The DirectoryIndex option defines the name of the file that is retrieved if the client's request does
not include a filename. Our sample Red Hat system has the following values for this option:

DirectoryIndex index.html index.htm index.shtml index.php index.php4
   index.php3 index.phtml index.cgi

Given the value defined for DocumentRoot and this value, if the server gets a request for
http://www.foobirds.org/songbirds/, it first attempts to locate a file named /var/www/html/songbirds/
index.html. Notice that the DocumentRoot is prepended to any request, and the DirectoryIndex is
appended to any request that doesn't end in a filename. If the server finds a file with that name, it
serves the client the file. If it does not find the file, it tries index.htm and then index.shtml, and so on
down the line to index.cgi. If none of the files defined by DirectoryIndex is found, httpd sends the
client a listing of the directory. Several directives control how that directory listing is formatted.

Creating a Fancy Index

If the FancyIndexing option is specified on the IndexOptions directive, httpd creates a directory list
that includes graphics, links, and other fancy features. The following options define the graphics and
features used in the fancy directory listing:

       IndexIgnore Lists the files that should not be included in the directory listing. Files
       can be specified by name, by partial name, by extension, or by standard wildcard
       characters.

       HeaderName Defines the name of a file that contains information to be displayed at
       the top of the directory listing.

       ReadmeName Defines the name of a file that contains information to be displayed
       at the bottom of the directory listing.

       AddIcon Defines the icon file used to represent a file based on the filename
       extension.

       DefaultIcon Defines the icon file used to represent a file that has not been given an
       icon by any other option.

       AddIconByEncoding Defines the icon file used to represent a file based on the
       MIME encoding type of the file.



                                                   166
       AddIconByType Defines the icon file used to represent a file based on the file's
       MIME file type.

Defining File Types

MIME file types and file extensions play a major role in helping the server determine how a file
should be handled. Specifying MIME options is also a major part of the httpd.conf file. The options
involved are the following:

       DefaultType Defines the MIME type that is used when the server cannot determine
       the type of a file. By default, this is set to text/html. Thus, when a file has no file
       extension, the server assumes that it is an HTML file.
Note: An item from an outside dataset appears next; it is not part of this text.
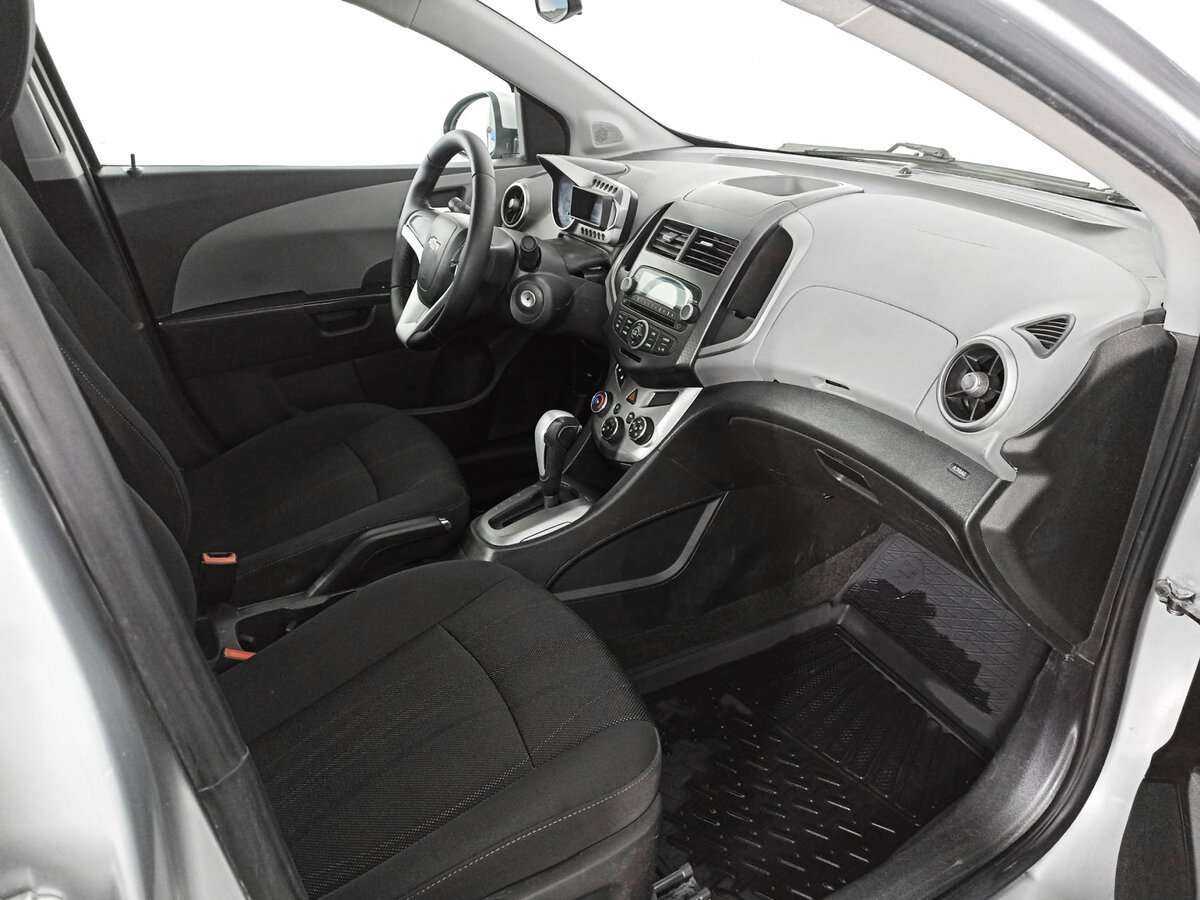 Chevrolet Aveo с пробегом — 2013 год. Фото: #8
       AddEncoding Maps a MIME encoding type to a file extension. The Red Hat
       configuration contains two AddEncoding directives:

       AddEncoding x−compress Z
       AddEncoding x−gzip gz tgz

       The first directive maps the file extension .Z to the MIME encoding type x−compress.
       The second line maps the file extensions .gz and .tgz to MIME encoding type x−gzip.

       AddLanguage Maps a MIME language type to a file extension.
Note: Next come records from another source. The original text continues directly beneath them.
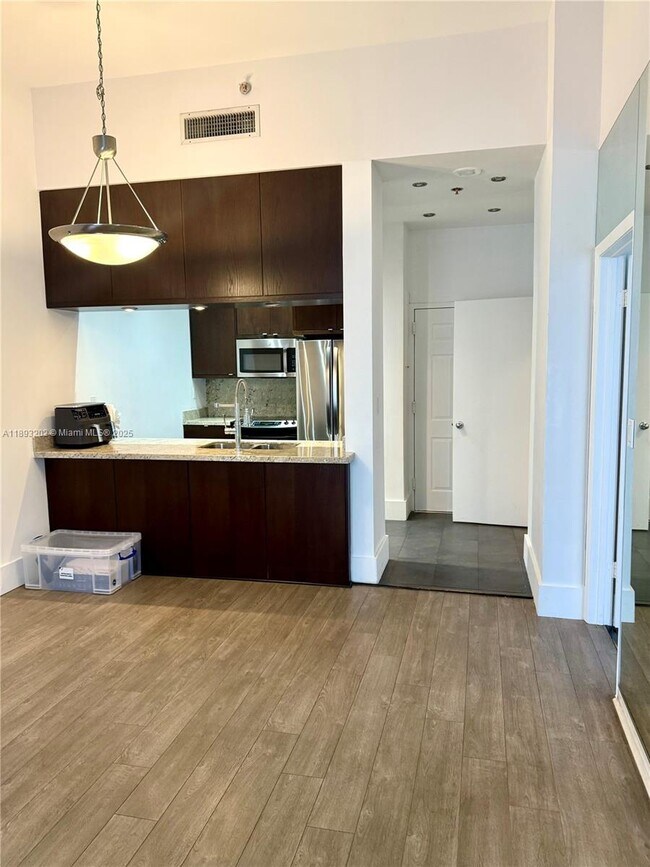 Photo - 540 Brickell Key Dr Unit 522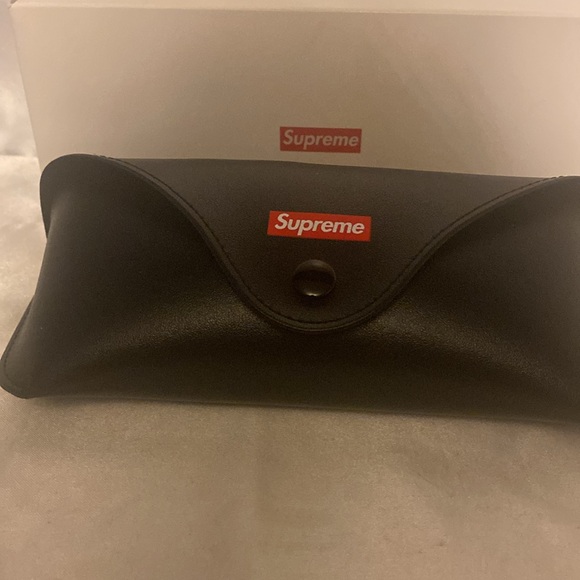 Supreme Plaza sunglasses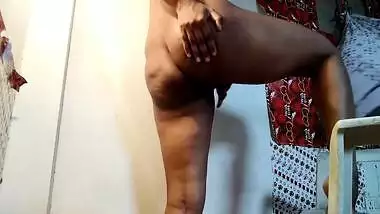 Indian Bitch Fingering And Masturbating On Webcam And Orgasm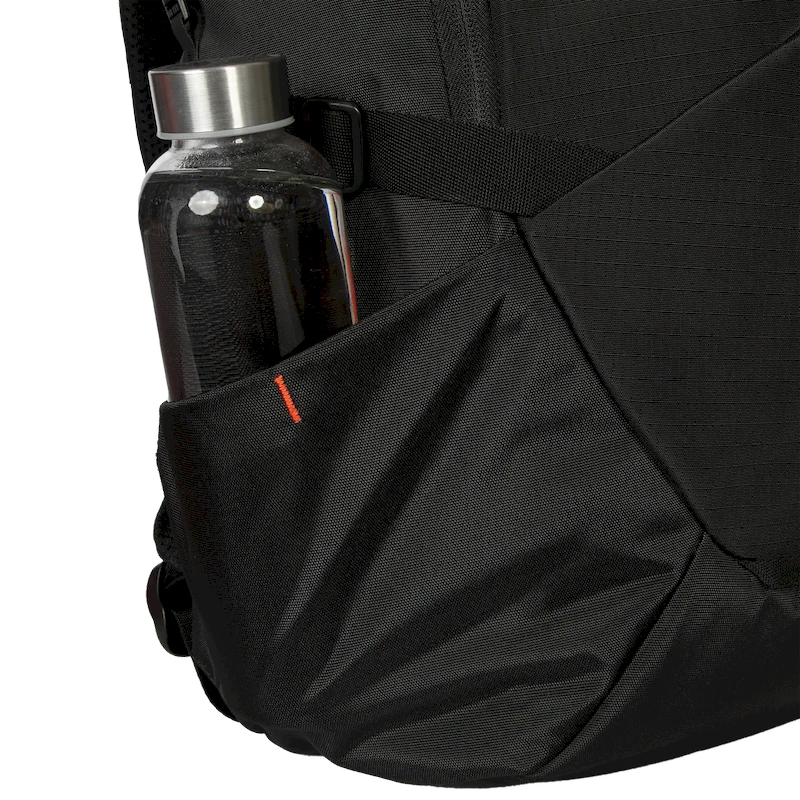 Targus Terra EcoSmart 23L detalle de bolsillo y cierres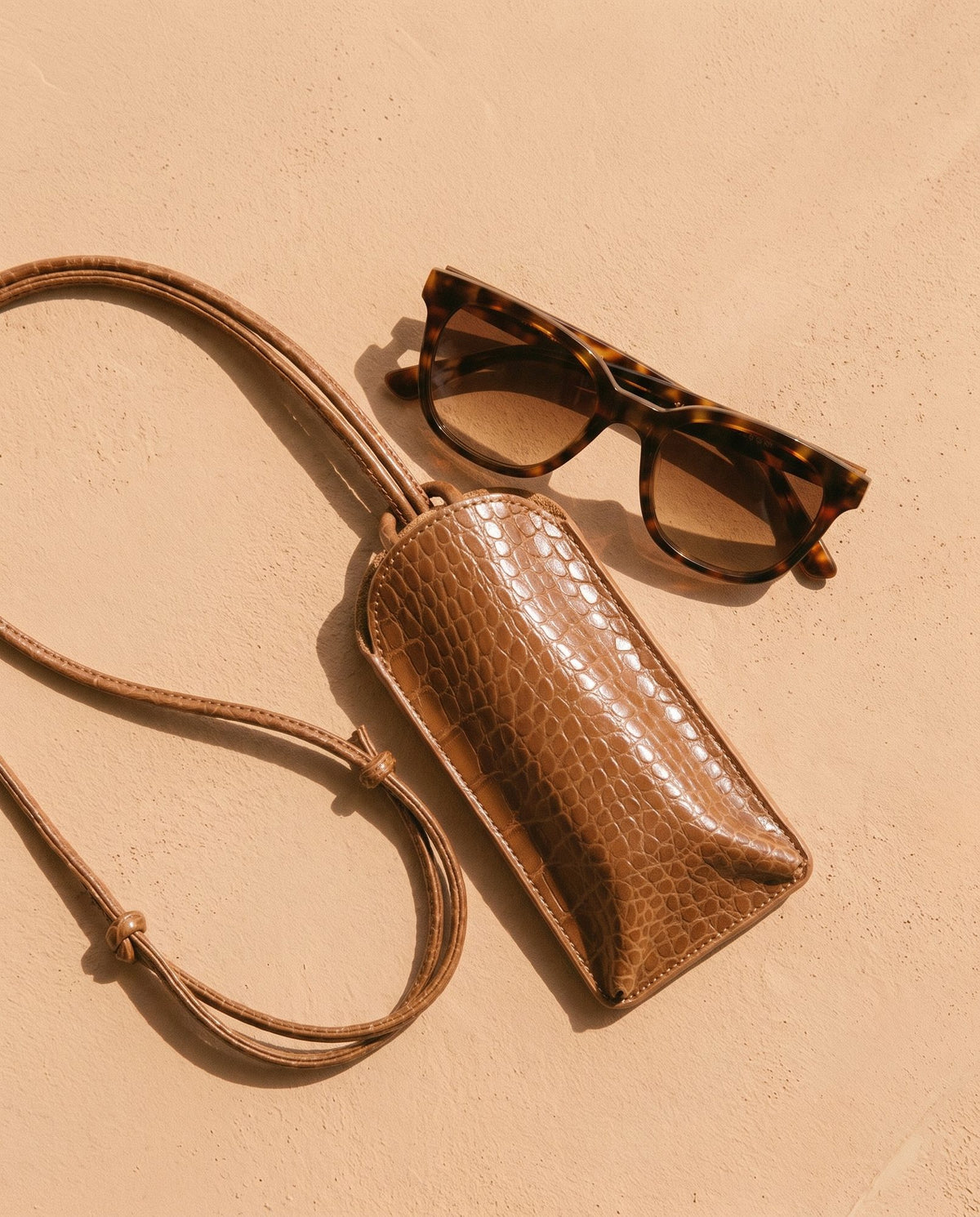 Vitrine Croc-Print Glasses Case in tan with sunglasses – women's sunglasses case by Nouva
       LanguagePriority Sets the language encoding in case the client does not specify a
       preference.

       AddType Maps a MIME file type to a file extension.
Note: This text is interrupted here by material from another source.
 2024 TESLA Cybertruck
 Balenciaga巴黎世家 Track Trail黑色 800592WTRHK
       AddHandler Maps a file handler to a file extension. A file handler is a program that
       knows how to process a file. Simple examples of this are cgi−script, which is the
       handler for CGI files; and server−parsed, which handles Server Side Includes (SSI).
       (Both SSI and CGI are covered more later.)

Managing Child Processes

In the original NCSA (National Center for Supercomputer Applications) web server design, the
server would fork processes to handle individual requests. This placed a heavy load on the CPU
when the server was busy, and impacted the responsiveness of the server. It was even possible for
the entire system to be overwhelmed by HTTP daemon processes.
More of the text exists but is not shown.